Alu sequence variants of the BPY2 gene in proven fertile and infertile men with Sertoli cell‐only phenotype

Objective:  The basic protein on Y chromosome, 2 gene ( BPY2 ) is implicated in the spermatogenic process. Three copies (paralogs) of the BPY2 sequence lie in the AZFc region, within huge palindromic repeats consisting of Alu sequences located in 5′ flanking regions. Our objective was to screen the single nucleotide variation of BPY2 gene paralogously. Methods:  Mutation screening of the exons and 5′ flanking region of the BPY2 genes was carried out by polymerase chain reaction (PCR) and sequencing in 106 infertile patients with a Sertoli cell‐only (SCO) phenotype and in 126 fertile men.
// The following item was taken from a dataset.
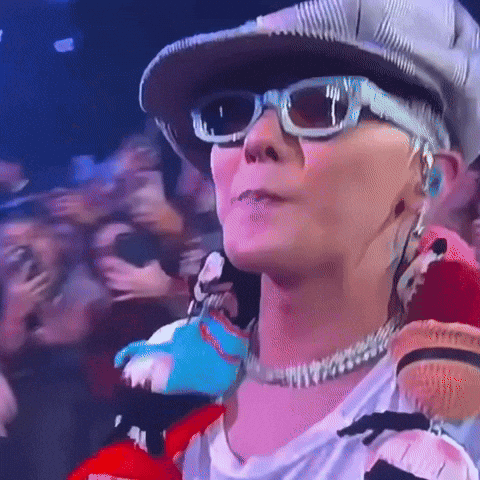 G-Dragon Concert GIF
Results:  No sequence variation was detected in any of the BPY2 exons. Paralogous A/A/A and mixed A/G genotypes are referred to the promoter of the gene. The G/G/G genotype (wild type) was observed at the rates of 89.6% (95/106) in the SCO subjects and 96.0% (121/126) in the proven‐fertile subjects. The G/G/G plus mixed A/G paralogous variants and the A/A/A paralogous variant were detected in 96.2% (102/106) and 3.8% (4/106) of infertile patients with SCO, respectively. The G/G/G plus mixed A/G paralogous variants were detected in 100% (126/126) of the fertile controls, with no instances of the A/A/A phenotype, and this difference was statistically significant ( P  = 0.038, Fisher's exact test). Conclusion:  The A/A/A genotype may be associated with the SCO phenotype. The alteration of all three copies of BPY2 within the AZFc region on the Y chromosome may affect spermatogenic process.